(INSTRUCTIONS FOR THE TASK): What is the number of lines in the data that hold the string "Wool"? Reply with that number only.

(Caption-style text data):
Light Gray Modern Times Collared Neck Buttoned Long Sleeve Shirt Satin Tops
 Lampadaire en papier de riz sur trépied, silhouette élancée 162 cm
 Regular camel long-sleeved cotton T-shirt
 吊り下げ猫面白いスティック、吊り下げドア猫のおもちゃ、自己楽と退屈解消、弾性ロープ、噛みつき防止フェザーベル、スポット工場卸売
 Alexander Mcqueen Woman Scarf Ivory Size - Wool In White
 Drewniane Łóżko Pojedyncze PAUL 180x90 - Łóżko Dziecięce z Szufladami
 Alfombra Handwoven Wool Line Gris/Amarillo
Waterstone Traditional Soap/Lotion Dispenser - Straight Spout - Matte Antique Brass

(THE COMPLETED TASK): 2